* DIRECTIONS FOR THIS TASK *
Should an entry contain an image, leave the image out and repeat the entry's text exactly.

* MATERIAL TO PROCESS *
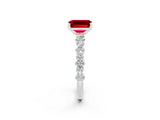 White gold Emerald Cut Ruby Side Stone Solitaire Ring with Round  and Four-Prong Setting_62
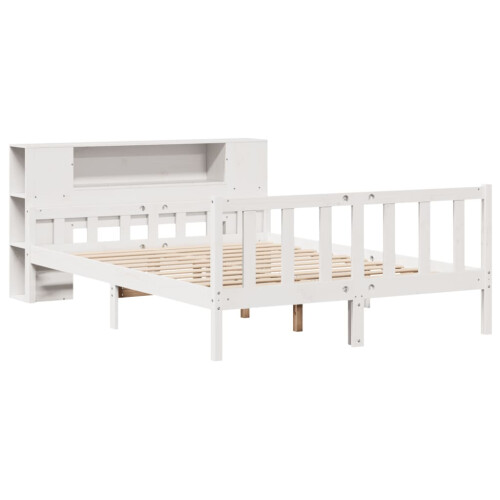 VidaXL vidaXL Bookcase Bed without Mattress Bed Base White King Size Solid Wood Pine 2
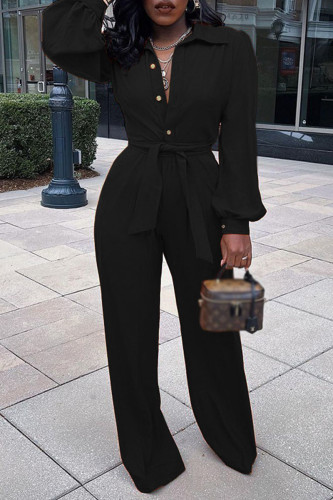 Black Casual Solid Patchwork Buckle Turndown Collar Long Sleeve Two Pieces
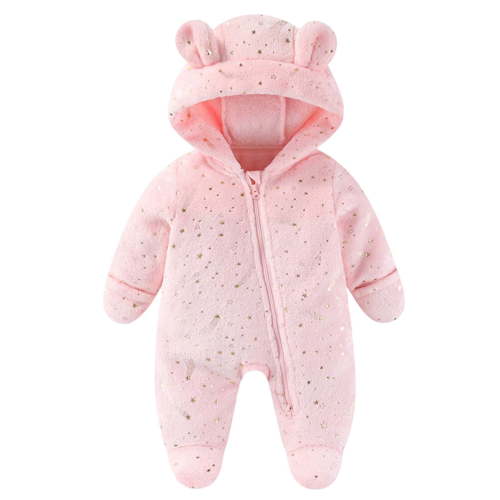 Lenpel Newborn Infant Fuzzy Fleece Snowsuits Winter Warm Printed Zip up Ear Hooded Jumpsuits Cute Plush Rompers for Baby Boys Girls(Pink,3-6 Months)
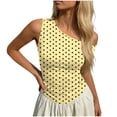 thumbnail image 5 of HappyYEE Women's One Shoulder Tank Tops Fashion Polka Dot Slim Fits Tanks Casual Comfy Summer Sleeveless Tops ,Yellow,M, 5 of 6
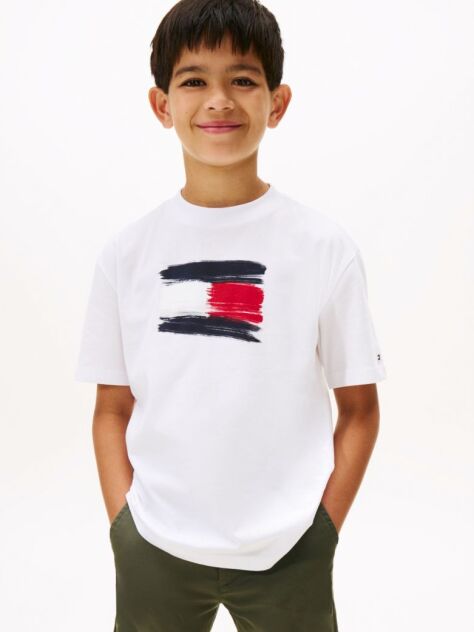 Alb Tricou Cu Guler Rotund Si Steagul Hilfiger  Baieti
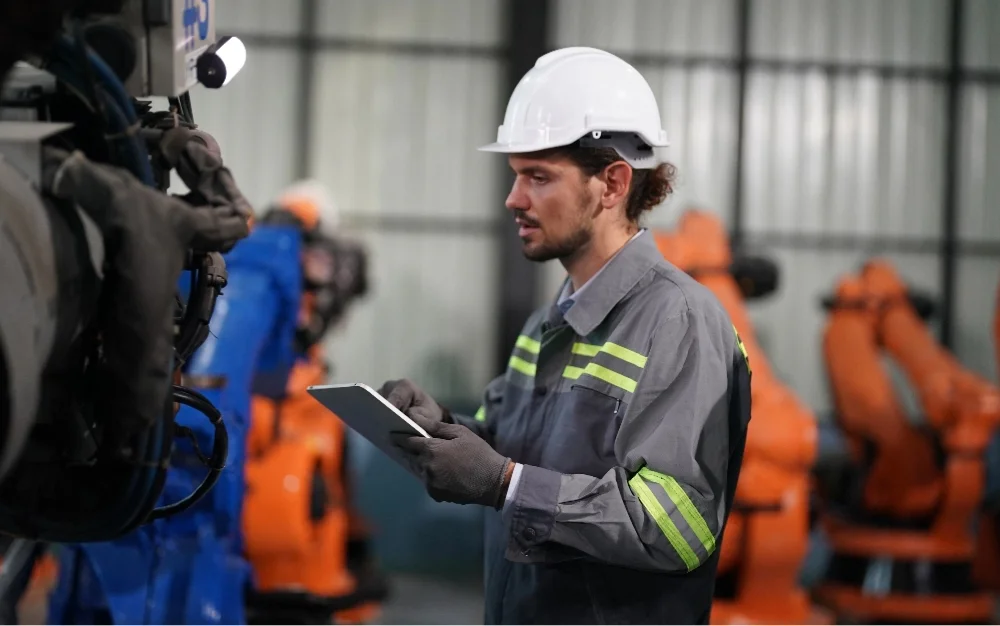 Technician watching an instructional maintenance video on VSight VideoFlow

* FINISHED EXERCISE *
 White gold Emerald Cut Ruby Side Stone Solitaire Ring with Round  and Four-Prong Setting_62
 VidaXL vidaXL Bookcase Bed without Mattress Bed Base White King Size Solid Wood Pine 2
 Black Casual Solid Patchwork Buckle Turndown Collar Long Sleeve Two Pieces
 Lenpel Newborn Infant Fuzzy Fleece Snowsuits Winter Warm Printed Zip up Ear Hooded Jumpsuits Cute Plush Rompers for Baby Boys Girls(Pink,3-6 Months)
 thumbnail image 5 of HappyYEE Women's One Shoulder Tank Tops Fashion Polka Dot Slim Fits Tanks Casual Comfy Summer Sleeveless Tops ,Yellow,M, 5 of 6
 Alb Tricou Cu Guler Rotund Si Steagul Hilfiger  Baieti
 Technician watching an instructional maintenance video on VSight VideoFlow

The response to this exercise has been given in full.